Armenian servicemen fire an artillery shell towards Azeri forces from their positions in the town of Martakert in the disputed region of Karabakh on April 3, 2016. (AFP photo)

At least four Armenian military personnel have been killed in a series of clashes between Armenian-backed and Azerbaijani forces in the disputed Caucasus region of Karabakh.

"Four more military victims were announced today on the Karabakh side," in fresh clashes with Azerbaijan forces on Monday, said Hovhannes Guevorkian, Karabakh representative in France.

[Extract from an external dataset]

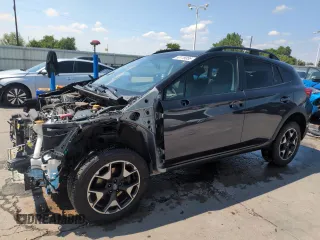 2019 Subaru Crosstrek Premium with VIN JF2GTAECXK8258093, listed as a Copart auction lot 63116855 with 54,309 mi miles and Salvage title. Bid and sale history available at DreamBid. Image 1.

Elsewhere in his remarks, Guevorkia blamed Azeri forces for continued bombing of towns across the volatile region, saying the violence-wracked region would use fixed-wing combat aircraft if there was a new large-scale attack by Azerbaijan forces.

Meanwhile, a spokesman for the Armenia-backed authorities in Karabakh have accused Azeri forces of killing three civilians, including a 92-year-old woman, in the village of Talysh.

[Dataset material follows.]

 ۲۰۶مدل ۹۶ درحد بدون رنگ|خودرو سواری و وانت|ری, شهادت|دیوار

Armenian Defense Ministry spokesman Artsrun Hovhannisyan also claimed that the Yerevan-backed forces had "seriously advanced at certain sectors of the front line and took up new positions." The remarks were quickly dismissed as "untrue" by senior Azerbaijan authorities in Baku.

Armenian volunteers wearing military fatigues and holding their weapons wait next to buses in Yerevan on April 3, 2016 before heading to front-line in the disputed Karabakh region. (AFP photo)

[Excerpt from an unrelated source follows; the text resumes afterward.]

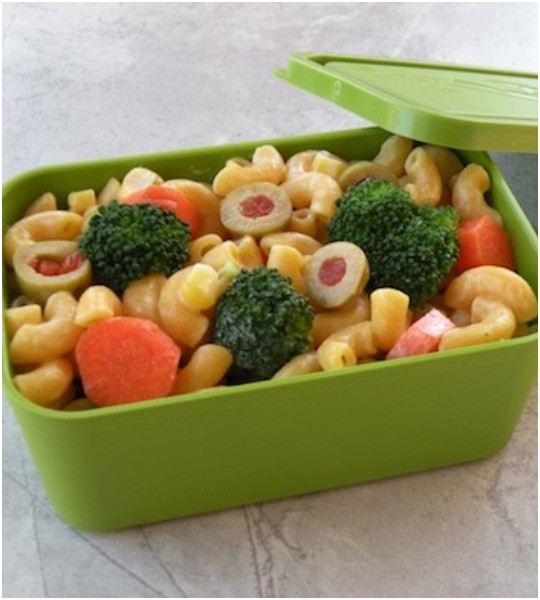 Lunch Box Pasta Salad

On the third day of the heaviest clashes in 20 years in the disputed border region, the Azeri Defense Ministry said on Monday that  three of its troopers were killed as the Armenians fired mortar shells at Azeri positions and attacked them using grenade launchers overnight.

Ministry spokesman Vagif Dargahly warned that his country “will launch a full-scale operation along the entire front-line, using all kinds of weapons,” if Armenia continued its “provocations.”

Azeri servicemen carry their comrade who was wounded during clashes with Armenian forces in the disputed region of Karabakh on April 3, 2016. (AFP photo)

The fighting between the two countries erupted last Friday, leaving nearly 40 people dead so far.

Meanwhile, Armenian President Serzh Sarkisian has suggested that a "ceasefire would only be possible if the militaries of both sides return to the positions" they held prior to the outbreak of hostilities.

The proposal comes a day after Azerbaijan announced a “unilateral” ceasefire as a gesture of goodwill, warning, however, that it would strike back if its forces came under attack. Bouts of fighting were reported soon afterwards.

The Karabakh region, which is located in the Azerbaijan Republic but is populated by Armenians, has been under the control of local ethnic Armenian militia and the Armenian troops since a three-year war, which claimed over 30,000 lives, ended between the two republics in 1994 through Russian mediation.

Last December, the Armenian Defense Ministry said the ceasefire deal reached in 1994 was no longer in place, saying the current situation amounted to “war.”

Although the two countries are divided by a buffer zone, both sides frequently accuse each other of violating the ceasefire.